Beauty is often said to be in the eye of the beholder, and that is especially true when it comes to wallpaper. So if the floral pattern the previous owners loved is giving you nightmares, it might be time to make a change.
If the wallpaper is in good condition and not made of vinyl, it may be possible to paint over it rather than remove it. When painting over wallpaper, prime it first with a shellac-based stain blocking primer or one made for painting over wallpaper. Test the primer on a small area first and allow it to dry to be sure it doesn't cause the glue in the paper to pull loose.
When removing wallpaper, it's necessary to score the paper first to allow the wallpaper remover to penetrate. This can be done with a special wallpaper scoring tool or a standard utility knife. When using a utility knife to score the paper, apply only enough pressure to cut through the wallpaper to keep from damaging the wall. Score horizontal lines in the wallpaper every foot or so.
To remove the wallpaper, fill a pump-up sprayer with a mixture of warm water and wallpaper remover, following the directions on the wallpaper remover container.

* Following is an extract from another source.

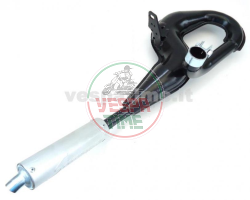 Marmitta espansione SIMONINI per Vespa 125/150 PX, 125 GT/GTR/TS, 150 Sprint/Sprint Veloce, silenziatore in alluminio
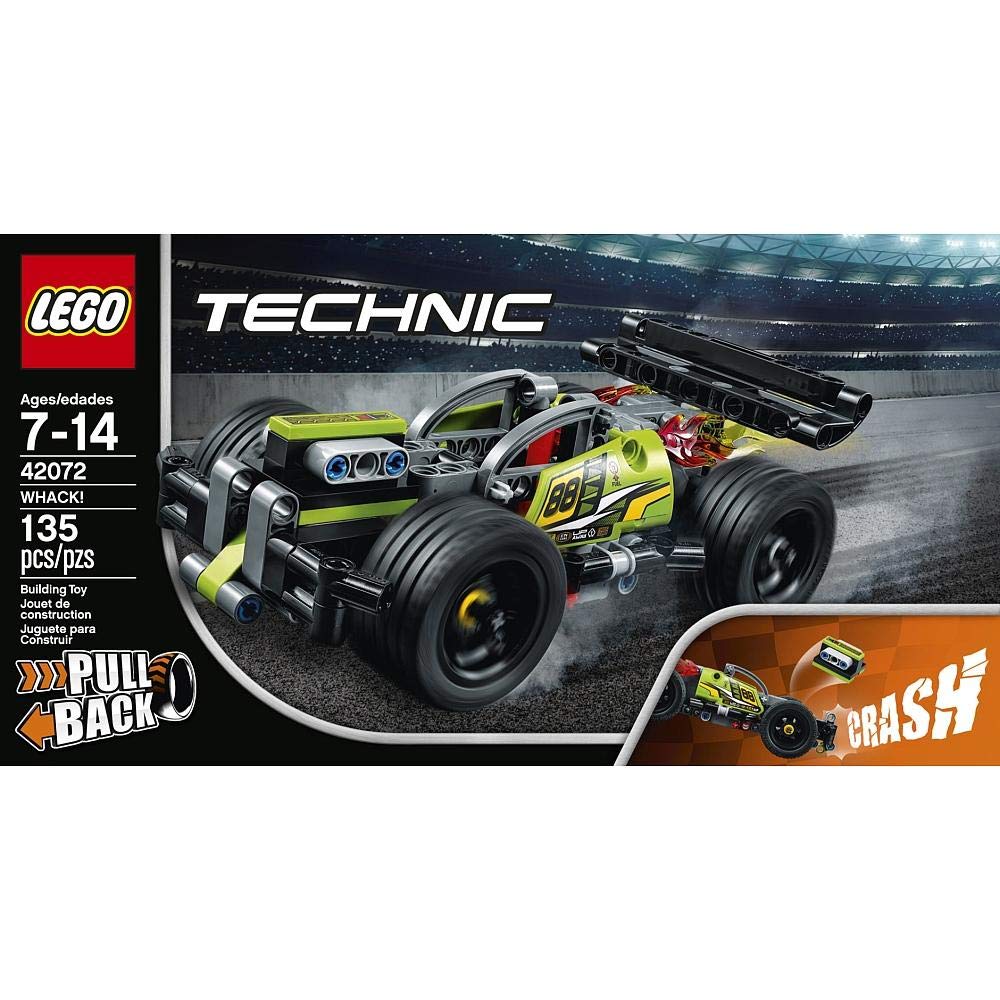LEGO Technic WHACK! 42072 Building Kit with Pull Back Toy Stunt Car, Popular Girls and Boys Engineering Toy for Creative Play (135 Pieces)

Secure the lid on the sprayer and pump it up. Wallpaper remover can also be applied using a paint roller.
Turn off the circuit breaker that powers the switches or outlets on the wall, and remove any electrical covers.
Spray or roll the wallpaper remover on the wall, then wait 15 minutes or so for it to soak through and loosen the paper. Be sure to wear protective eyewear when spraying wallpaper remover.
Apply a second coat of wallpaper remover to keep the paper moist. Use a putty or drywall knife to loosen the paper, then begin peeling it off. Be careful not to gouge the wall.
Often the top layer of wallpaper will separate from the backing. If this happens, apply the wallpaper remover again and repeat the process.